As you already know, the COVID-19 is not going to disappear for a while. We can't ignore it and it can be a big source of anxiety for many of us but there are many things we can do to manage our stress by learning how to calm down. Here are some techniques that will be useful in this time of uncertainty but not only.
I am calming down then I think and act.
Learning to relax:
This method is based on the neurovegetative nervous system.
Here is a simple explanation of what it is.
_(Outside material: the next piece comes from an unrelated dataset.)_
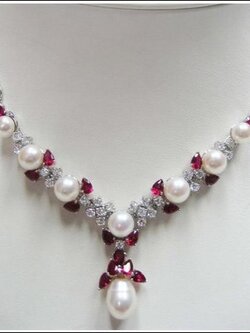 สร้อยคอไข่มุกแท้ แบบขึ้นตัวเรือน ประดับด้วยเพชรสวิท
When you feel stressed, there is an increase of your sympathetic nervous system and therefore a decrease of your parasympathetic nervous system. For example you might start to feel out of breath and you breathe even faster. In time this might lead to a panic attack. If that last for a long time, this sensation and state of alert or oppression endure and your nervous system gets deregulated with an hyper activity of your sympathetic nervous system and an hypo-activity of the other.
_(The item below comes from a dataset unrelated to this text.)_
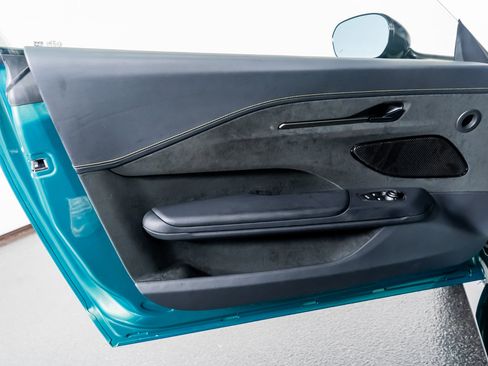 Used 2025 Aston Martin V8 Vantage Coupe image 33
Thankfully it works both ways! So for example if you feel panicky, you have to reduce the amount of oxygen you are taking in and your body will automatically slow down as it has no fuel to function.
I have to stress that this technic needs to be practiced regularly and for a few weeks/months in order to be perfected. It is possible that you might experience contrary effects at first.
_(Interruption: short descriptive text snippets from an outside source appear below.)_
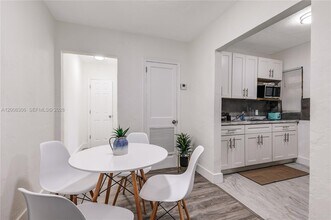 327 NE 55th St in Miami, FL - Building Photo - Building Photo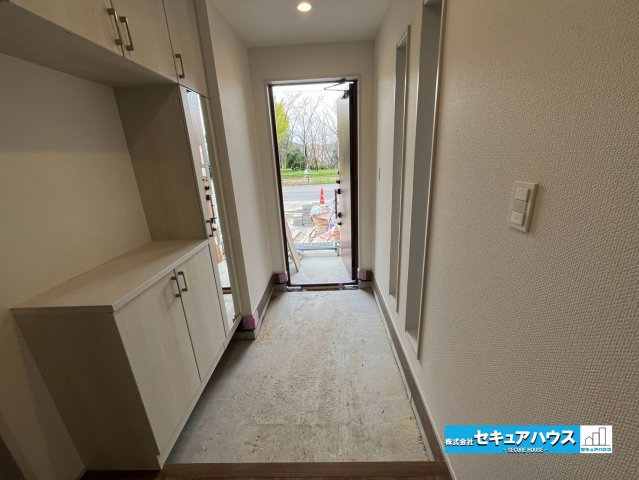 【今からご案内可能】知多市つつじが丘1丁目　全2棟の玄関|【玄関】
◆お家に出会う人々を迎える玄関だからこそ、広々清潔感あふれる空間にしたいものです。採光・通風にも配慮された設計で毎日明るい空間をキープします♪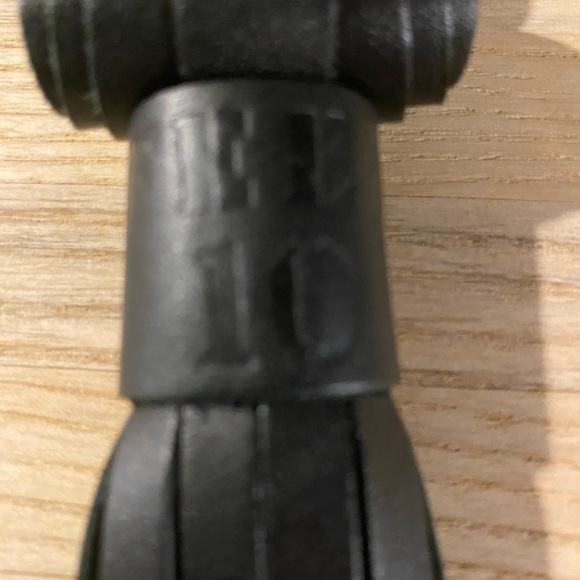 FEED Leather Tassel Black - Picture 4 of 9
In that case I advise you to stop and switch to another technic first (see B) and go back to this "hypoventilation" later on.
Slowing down your breathing will automatically slow down your physiological and psychological state. Your mind stops racing as you calm down physically and emotionally.
1.Empty your lungs without forcing then.
2. Take a bit of air and keep it for a short while.
3. Breathe out slowly.
After a few trials yo will sense a clear calming down effect.
B. Directed attention:
In this exercise focus your mind on an image or an object and gaze it for a few seconds at first.
1. Choose an object or a picture and observe it, taking the time to see all its details. See its form, its colour. If you can't focus stop and try again a bit later.
When you are able to do this you usually start feeling calmer. Practice this for a while in order to get used to it.
2. Now that you are used to focus your mind and describe an image or an object, try to mentally visualise it and this feeling of calmness will start automatically.
You can easily think about something nice and pleasant like a beautiful park, the beach, a mountain or a flower.
Keep the same image in order to create a conditioned reflex. Soon just thinking of the same image will allow you to get instant relaxation. (Notice that this helpful technic is easily applicable anywhere you are and in any situation while under a huge amount of stress and in need of calming fast in order to take decision or respond to someone.)
Note that practicing this hypoventilation and directed attention as well as keeping a healthy diet and meditate daily will profoundly change your state of mind and helps to prevent muscular tension, backache or headache.